Para el último acto de lo que iba pareciéndose ya a una tragicomedia, Londres nombró Virrey al superconectado y muy atractivo Lord Mountbatten, al que dio la instrucción de que preparase todo para la salida de la India en junio de 1948. Mountbatten llegó, vió y decidió que el invento no aguantaba hasta junio de 1948. Anunció a poco de su llegada, que el Reino Unido abandonaría la India en agosto de 1947 y también anunció, pero con menos fanfarria, que la India quedaría dividida en dos estados, uno hindú y el otro musulmán. Nehru reconoció que el Congreso se avino a la partición porque estaba cansado de luchas y prefirió la independencia ya mismo a años de negociaciones con los musulmanes para crear un sistema federal, que igual no habría echado a andar.

Este es el juicio que Wilson hace de los dos siglos de dominio británico sobre la India en la conclusión: “… el gobierno británico en la India se basó en una forma peculiar de poder. Temerosos y susceptibles desde el inicio, los británicos se veían como conquistadores virtuosos pero asediados, cuya capacidad para obrar estaba continuamente atacada. Desde el siglo XVII hasta el XX, encontraron difícil confiar en nadie fuera de las zonas que controlaban. Su respuesta a los desafíos fue retirarse o atacar, antes que negociar. El resultado fue un régimen ansioso y paranoico. El estado británico estaba desesperado por controlar los espacios en los que vivían los europeos. En el resto insistía en la sumisión formal a la soberanía británica. Pero no creó alianzas con sus súbditos, ni construyó instituciones que asegurasen buenos estándares de vida. Los británicos estaban preocupados por mantener la ficción de la soberanía absoluta más que por ejercer el poder real.”
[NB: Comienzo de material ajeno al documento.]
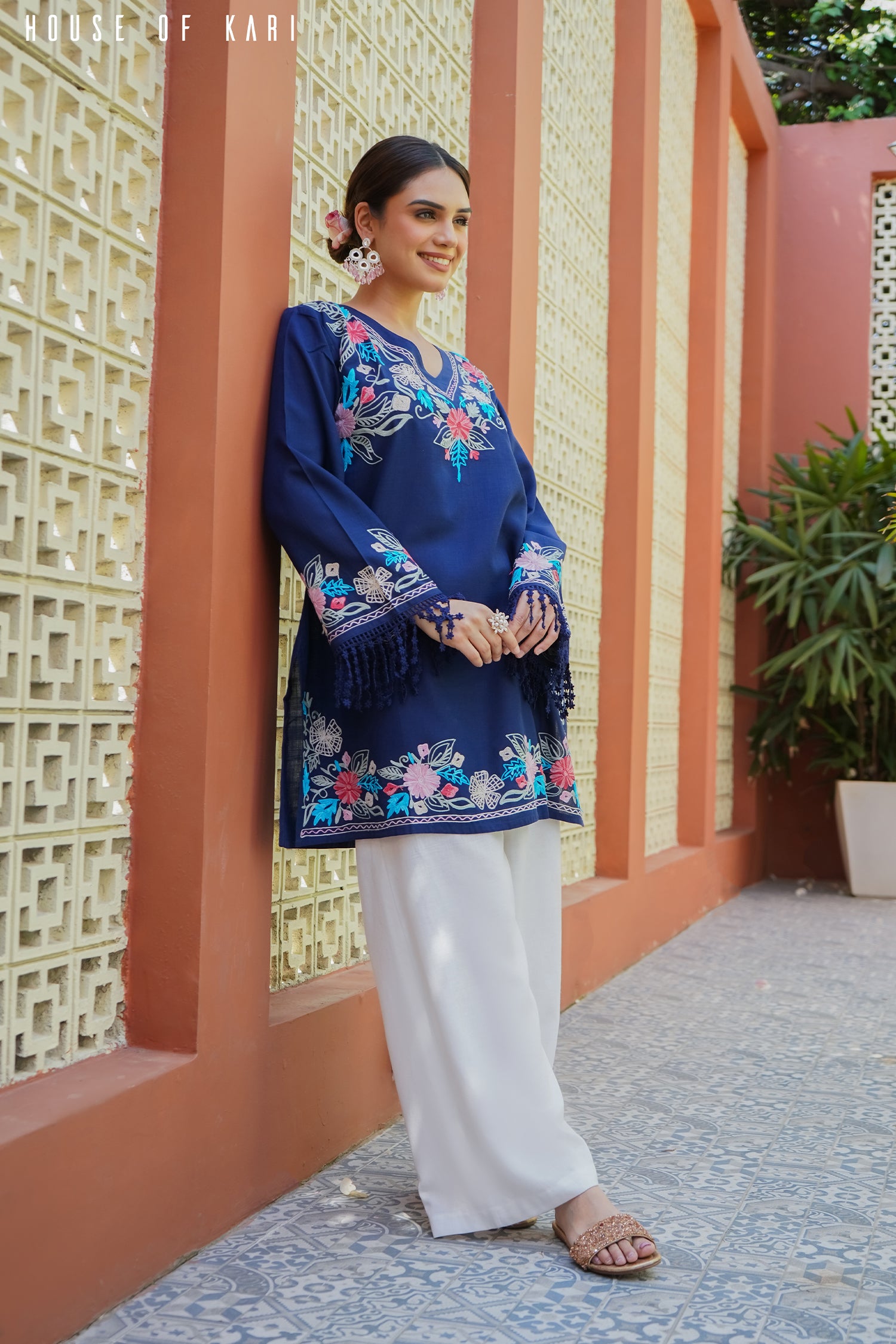 Kashmiri Aari Work Cotton Kurta – Royal Blue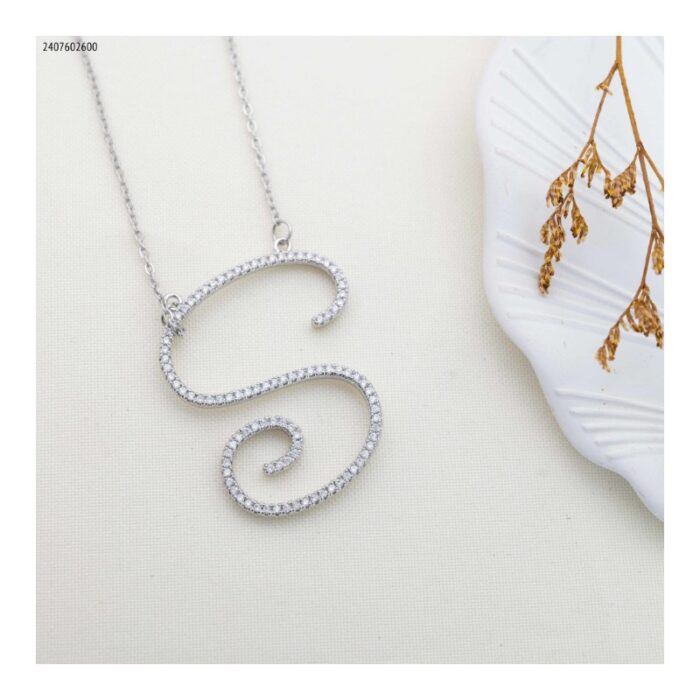 103383635_685ebdf380436 سلسال حرف s زركون لون فضي - الصورة 1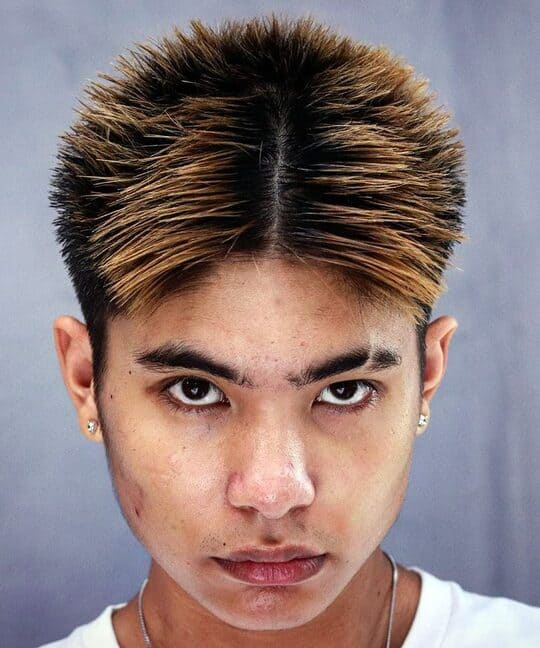 asian men long hairstyles with white T-shirt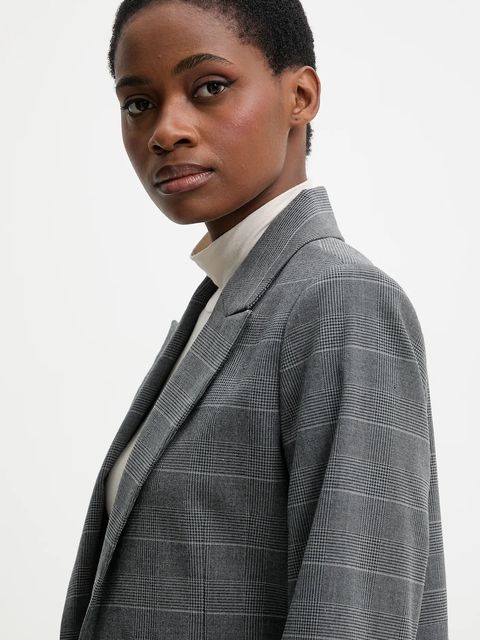 United Colors of Benetton marynarka kolor szary jednorzędowa wzorzysta 2X8MDW02H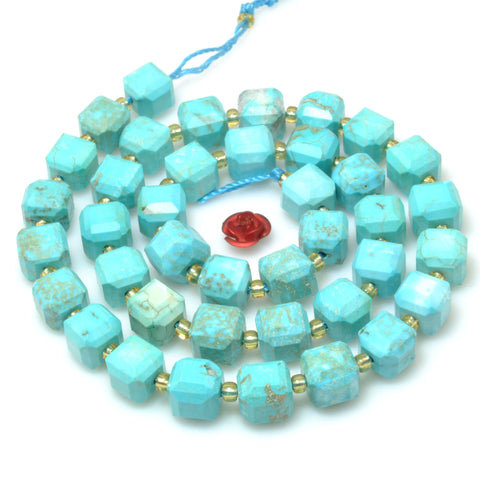 Blue Turquoise faceted cube loose beads wholesale gemstones for jewelry making DIY bracelet necklace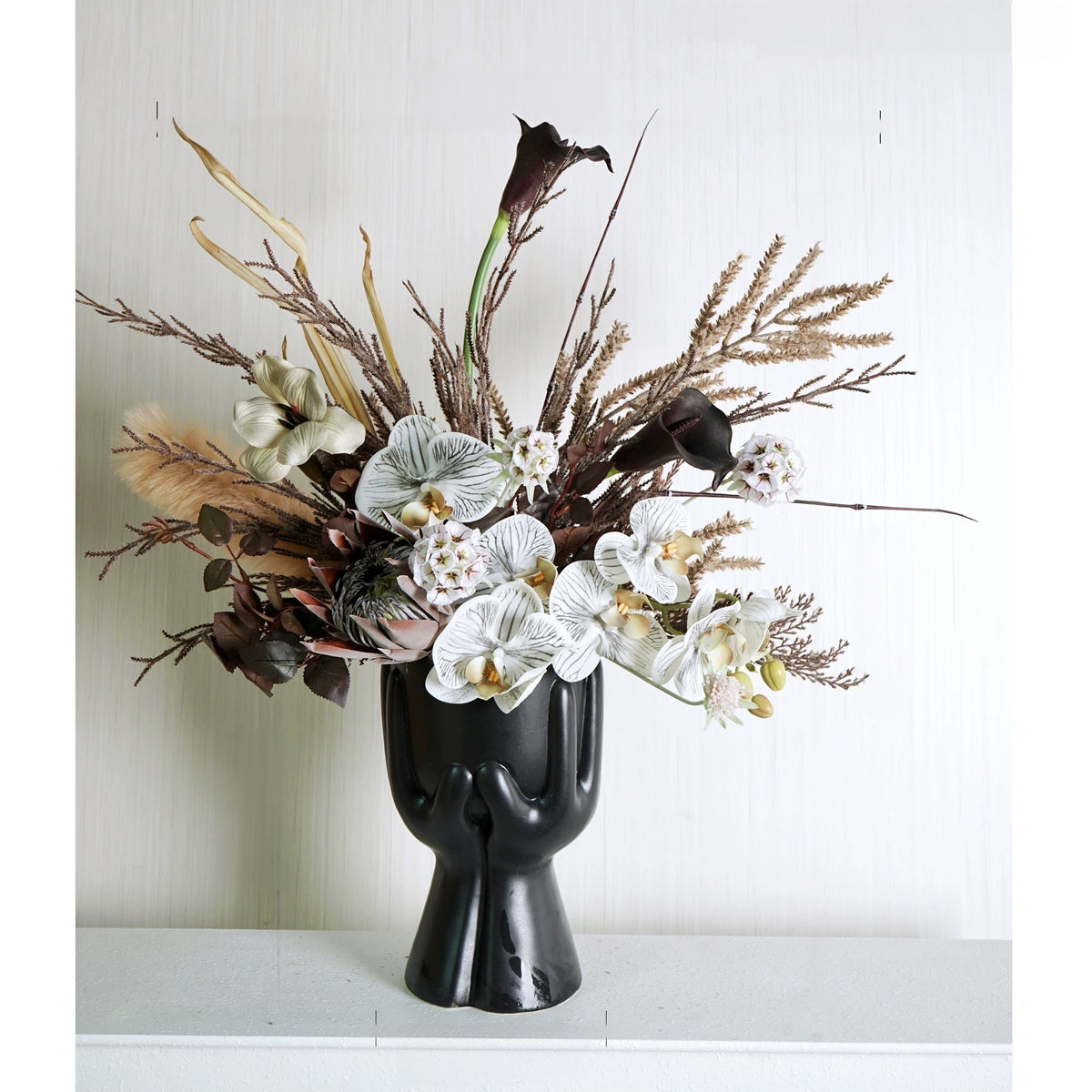 Arreglo de Ramo Floral con Tema Elegante de Otoño | Flores Artificiales de Lujo para Boda y Decoración Interior del Hogar VB-113 (Sin Jarrón)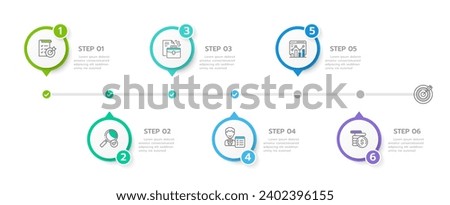 Infographic template for business. 6 Steps Modern Timeline diagram with roadmap and circle topic charts, presentation vector infographic.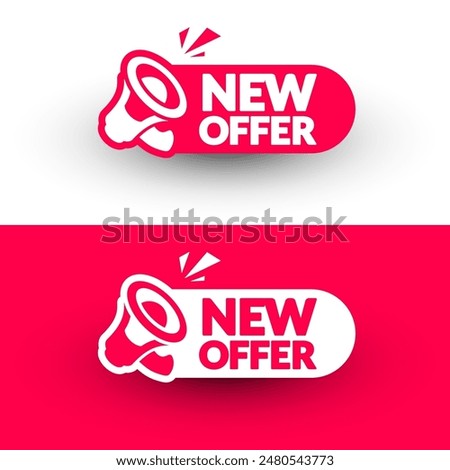 Round Label With Megaphone And Text New Offer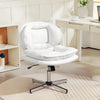 Criss Cross Chair, Armless Wide Office Chair with Leathaire Upholstery, Tilting, No Wheels, White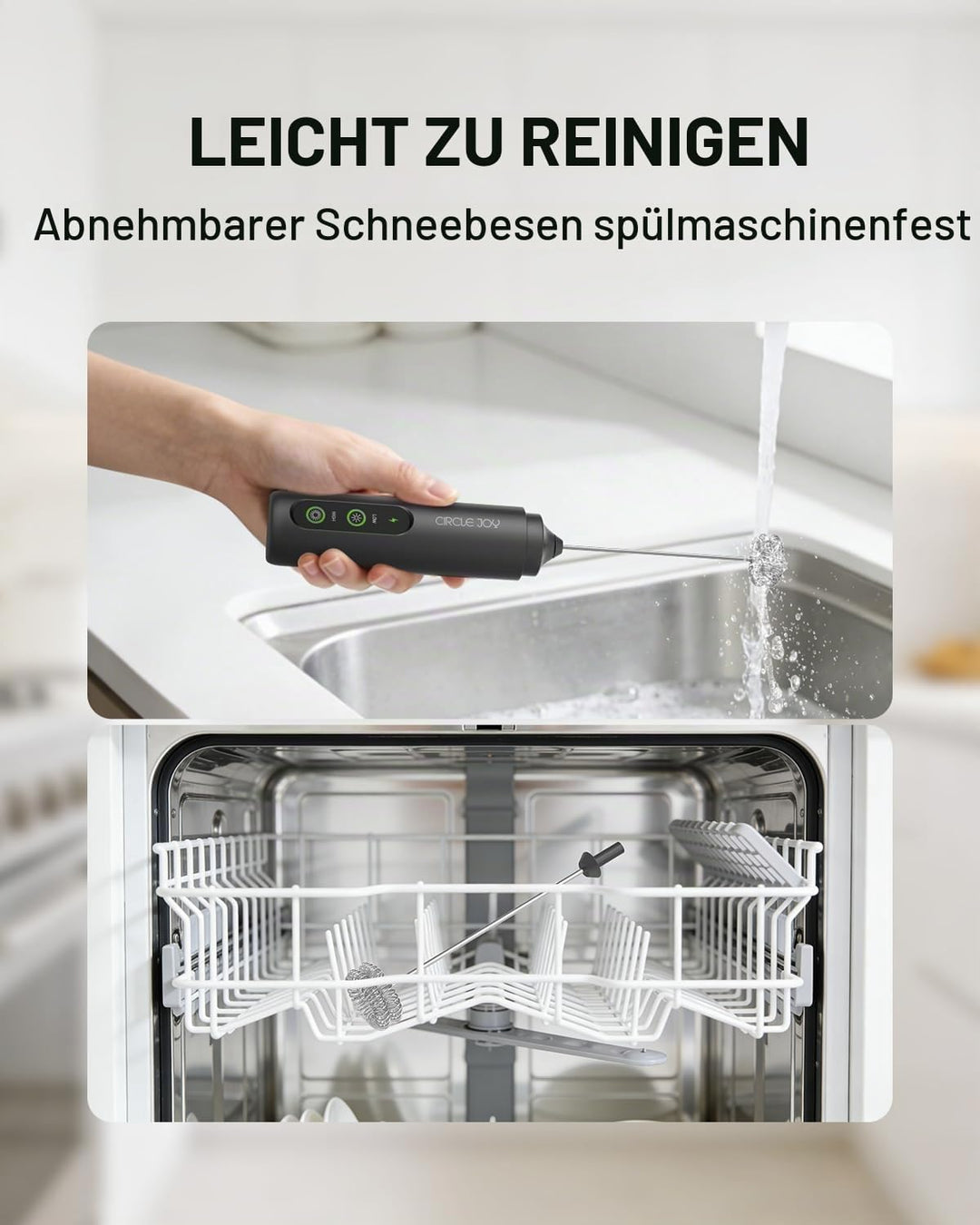 CIRCLE JOY Wiederaufladbarer Milchaufschäumer Handheld mit 2 Geschwindigkeiten, Elektrischer Kaffee-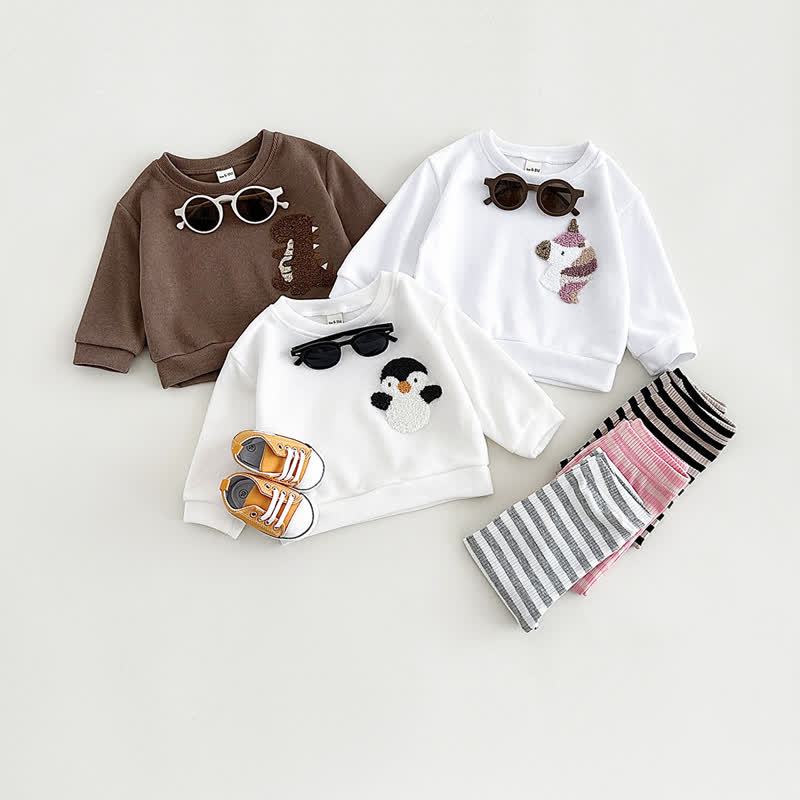 Baby Plush Animal Sweatshirt and Legging 2-piece Set - image 1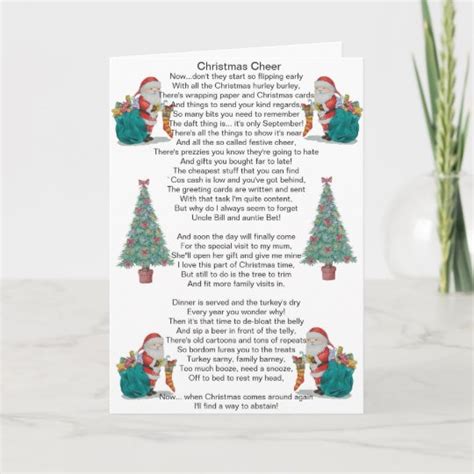 Funny Christmas Poem Santa And Xmas Tree Art Holiday Card Uk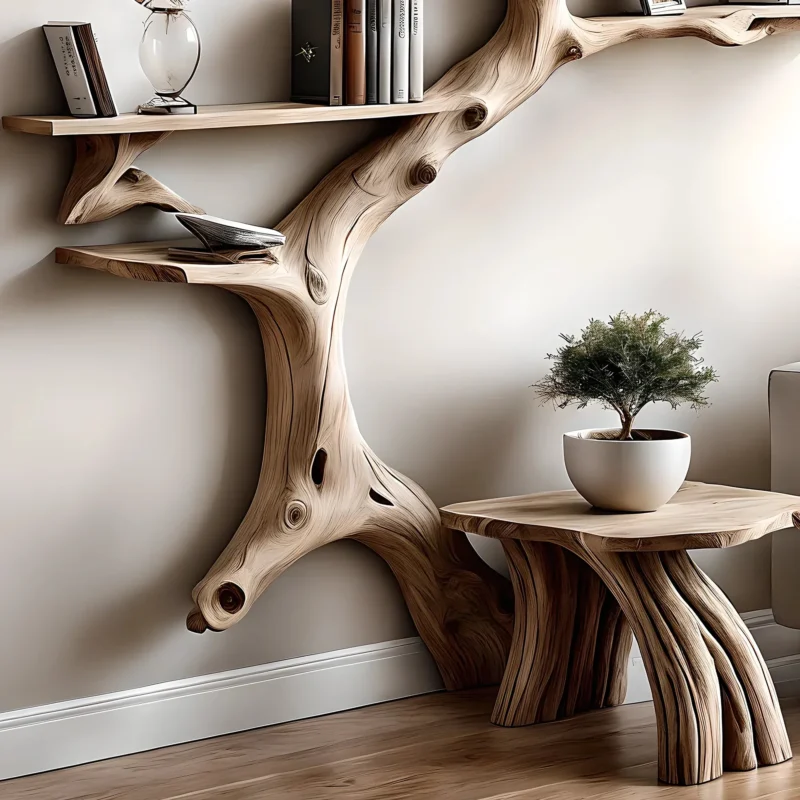 Driftwood Bookshelf with Narrow Table, Unique and Stylish Home Decor - Image 2
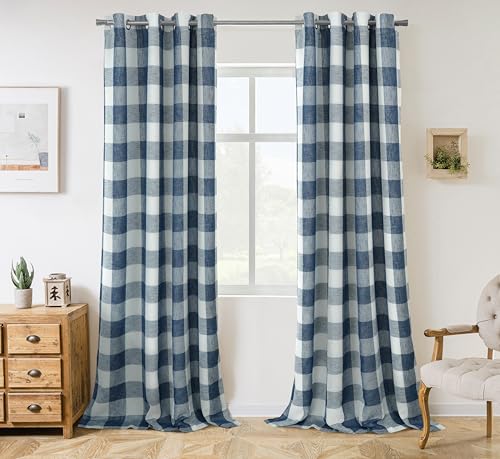 DriftAway Buffalo Plaid Blackout Curtains Grommet 2 Panels W52 x L96, Navy - Blackout, Gingham Checker Pattern, for Bedroom Living Room Nursury, Thermal Insulated, Linen Texture, Thermal Insulated Drape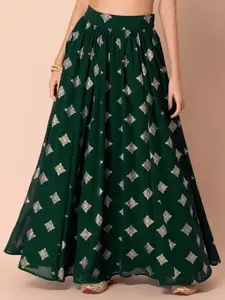 INDYA Women Green Printed Maxi Flared Skirts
Le he dedicado tantas entradas a este libro que cualquiera diría que me ha gustado. No, no me ha gustado. Me atrajo al comienzo su interpretación rompedora sobre el Raj británico. La idea de que los británicos estaban permanentemente asustados y viendo que en cualquier momento perdían sus posesiones indias, resultaba atractiva e iba contra mucho de lo que había leído.

Pero no sé si me ha convencido. Encontrar testimonios que sustenten tus tesis, siempre es fácil. Wilson los encuentra y los salpimenta con profusión, pero no me acaba de convencer. En todo caso, lo malo del libro no es esto, sino que Wilson se entretiene tanto con los árboles, que apenas nos deja ver el bosque. Por ejemplo, en el capítulo nueve, en el que habla de la construcción de infraestructuras en la India en la segunda mitad del XIX se enrolla con la construcción del ferrocarril a través de Bhor Ghat, al este de Delhi, con los ingenieros James Berkley y George Clark, con el ingeniero experto en regadíos Arthur Cotton, con el ingeniero Proby Cautley, que construyó los canales de irrigación en el Ganges… Cuando uno llega al final del capítulo, ha leído muchos nombres de ingenieros, pero apenas se ha quedado con nada sobre cómo fue en general el desarrollo de las infraestructuras. Y así, así, así.

El entusiasta de la India puede leer después de Wilson “Raj. The Making and Unmaking of British India” de Lawrence James. Es justo el reverso de la obra de Wilson. Aquí los británicos son unos señores muy justos y muy amables, que uno no entiende por qué los desagradecidos de los indios querían que se fueran. En fin, espero encontrar un día un libro bueno y equilibrado sobre el Raj británico.